According to the inquiry report, the collapse delayed the project by at least two years and increased its cost from Rs. 82 billion to Rs. 317 billion, a jump of more than 285 percent. The Planning Commission estimates the project’s levelized electricity generation cost could rise to Rs. 27 to Rs. 28 per unit, making it Pakistan’s costliest renewable energy project and raising concerns about its long-term viability.
The project, backed by $700 million in loans from the World Bank and the Asian Infrastructure Investment Bank (AIIB), is now expected to be completed by June 2028, instead of its original 2026 target.
The three-member inquiry committee, led by Federal Flood Commission Chairman and Chief Engineering Adviser Ather Hameed, found that the contractor proposed an unauthorized redesign of the cofferdam, the consultant approved it without ensuring technical compliance, and WAPDA endorsed the revised design without questioning its contractual or technical validity. The report concluded that all three parties failed to meet their contractual responsibilities, resulting in the construction of a vulnerable cofferdam.
The committee rejected claims that flooding caused the collapse, finding that river flows remained within historical levels and should have been accommodated under the original design.
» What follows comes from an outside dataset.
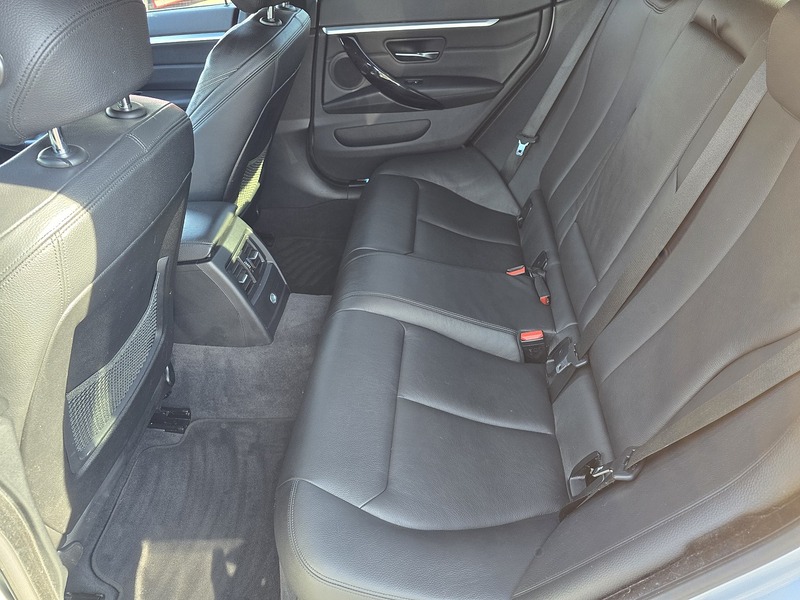 BMW 4 Series Gran Coupe 430d Luxury - U91231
Instead, it blamed inadequate protection layers, poor filter arrangements, and the replacement of the original design with a weaker rock filled structure.
Tarbela 5 Collapse Could Make It Pakistan’s Costliest Renewable Energy Project
The inquiry also criticized project oversight, noting that after WAPDA requested a cofferdam performance review in July 2023, the consultant passed the task to the contractor instead of conducting an independent assessment. The contractor submitted its report more than a year later, in October 2024. Investigators also found alleged irregular payments for temporary works that weakened the government’s ability to seek compensation after the collapse.
The report further highlighted shortcomings by the project’s consultant, MM Pakistan BIDR China, whose contract was later terminated by WAPDA over staffing issues.
It also noted that the consultant withdrew its staff from the project site in May 2025 without providing the required 30 day notice. The inquiry described the incident as a major governance failure in the execution and oversight of a multibillion rupee infrastructure project financed through international loans.